I have not explicitly obtained permission from the posters to reproduce their postings. Anyone who objects should mail me at the address given at the end of this web page.
I have felt free to edit the the postings to avoid repetition, to change the formatting and to cut out anything I deemed irrelevant. The order of the routines in this document is more or less the order in which they were posted in this thread. Some of the routines are better than others.
I have no intention of maintaining a FAQ for comp.sys.arm, however, I also have archived another thread on square root routines.
[2012-06-07: ManuTOO pointed out to me that the original article appears to contain an error. This is marked, and corrections suggested, in text highlighed in the same manner as this paragraph]
When doing graphics, e.g. raytracing, it is often necessary to normalize vectors, i.e. given (x,y) to calculate (x/l,y/l) where l = sqrt(x^2+y^2), or similar for (x,y,z) when in 3D. This is quite expensive to calculate on the ARM since there is no built-in divide or square root. The usual procedure is to first calculate l using a software square-root and then use software divide two or three times afterwards or to compute 1/sqrt(...) once and multiply by this, which is faster when you have hardware multiply (especially on the StrongARM). However, 1/sqrt(k) is normally (to my knowledge) done using first a software squareroot and then a software divide. My idea is that you can do 1/sqrt(k) faster than this.
I assume that k is normalized so. 0.25<=k<1, as is usual for square root routines. This means that the result is 1<r<=2.

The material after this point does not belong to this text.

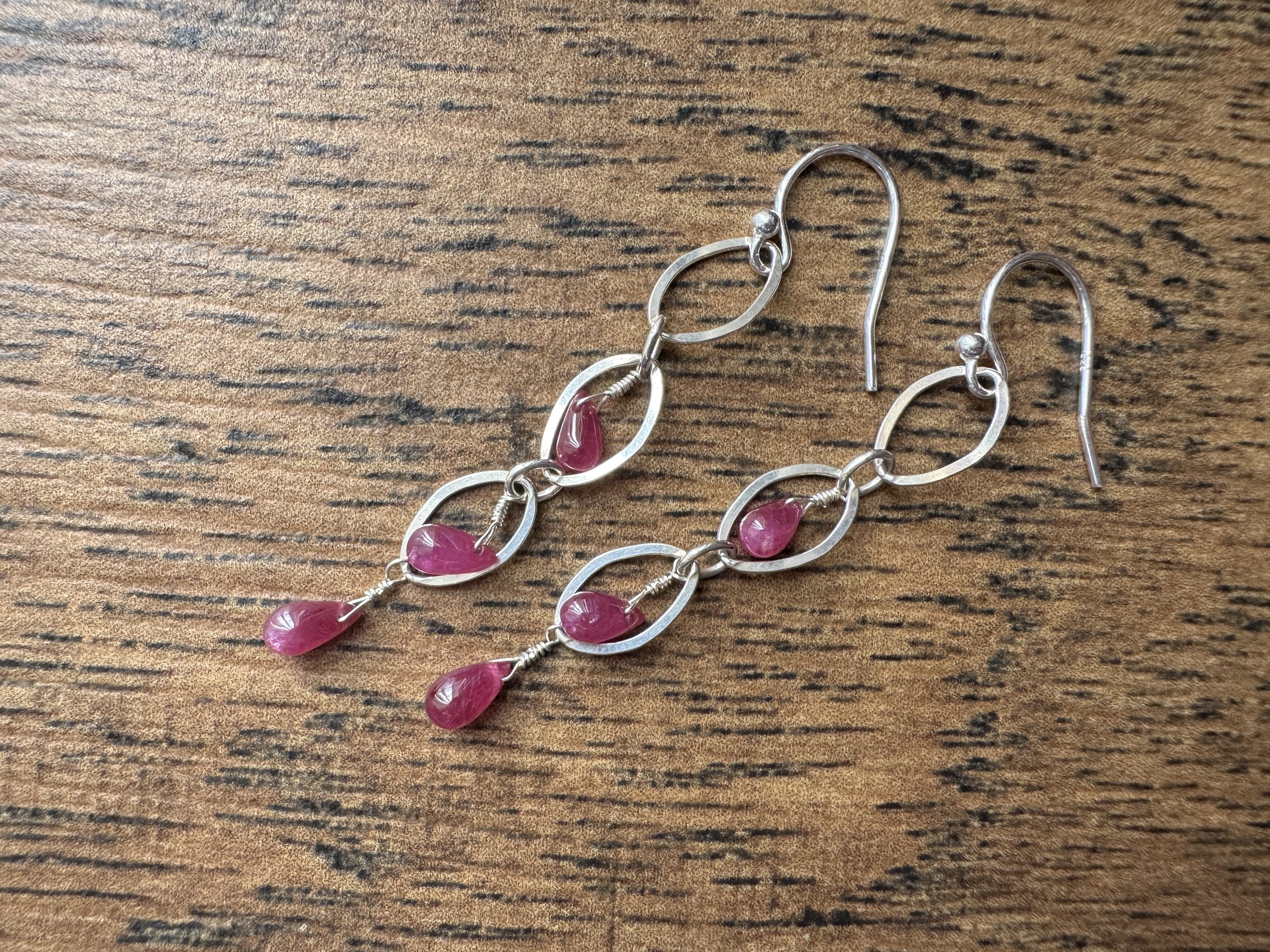 Silver Gem and Circle Earrings in Ruby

We must find r = 1/sqrt(k). This is the same as solving k*r^2 = 1. We now try to do this by a binary search:
r = 1.0; for (i = 1; i <= precision; i++) if (k*(r+0.5^i)^2 <= 1.0) then r += 0.5^i;Now, the squaring and the multiplication are expensive, so this is not a good way of doing it. We may, however, do these operations incrementally, using
k*(r+0.5^i)^2 = k*r^2+k*0.5^(2*i)+2*k*r*0.5^i
.
So we use variables kr2 to hold k*r^2 and kr to hold 2*k*r.

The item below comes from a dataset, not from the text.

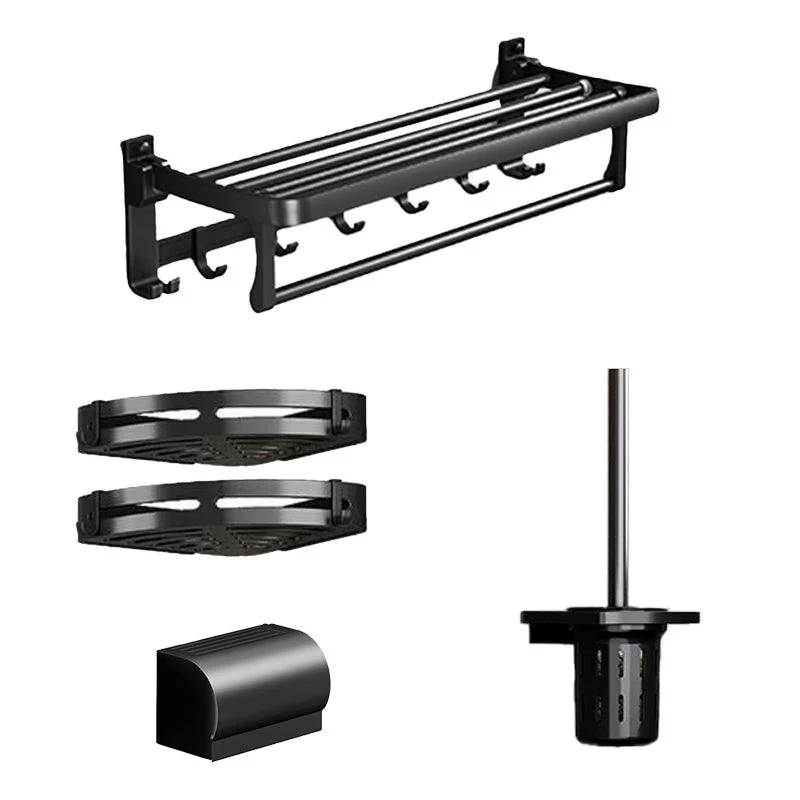 Traditional Aluminum Bath Hardware Set Black Bathroom Accessory Kit -Bathlova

r = 1.0; kr2 = k; kr = 2*k; for (i = 1; i <= precision; i++) { t = kr2+k*0.5^(2*i)+kr*0.5^i; if (t <= 1.0) { r += 0.5^i; kr2 = t; kr += 2*k*0.5^i; } }Note that if the result should be exactly 2, the computed result is 2-0.5^precision. If you consider this a problem, you can add a test for k=0.25 before the loop.
We don't like to have numbers greater than 1, so we calculate q = 0.5*r instead of r. We use
k*(r+0.5^i)^2 = k*(2*q+0.5^i)^2 = 4*k*q^2+4*k*q*0.5^i+k*0.5^(2*i) = 4*(k*q2+k*q*0.5^i+k*0.5^(2*i+2)).We now use kq2 = k*q^2, kq = k*q.
[2012-06-07: Warning: the following code appears to contain an error. It is quoted exactly as it appears in the article, the problem is discussed after the code.]
q = 0.0; kq2 = 0.0; kq = 0.0; for (i = 1; i <= precision; i++) { t = kq2+kq*0.5^i+k*0.5^(2*i+2); if (t <= 0.25) { q += 0.5^(i+1); kq2 = t; kq += k*0.5^(i+1); } }
[2012-06-07: If the code has been transformed using the
substitution q = 0.5*r then, since the previous code was initialised with
r = 1.0 we'd expect this code to be initialised with q = 0.5. The fix is
simply to alter the initialisation to
q = 0.5; kq2 = 0.25 * k; kq = 0.5 * k
.]
When making this into ARM code, we assume numbers in 0<=x<1 are represented as integers holding x*2^32. We unroll the loop to avoid register-controlled shifts.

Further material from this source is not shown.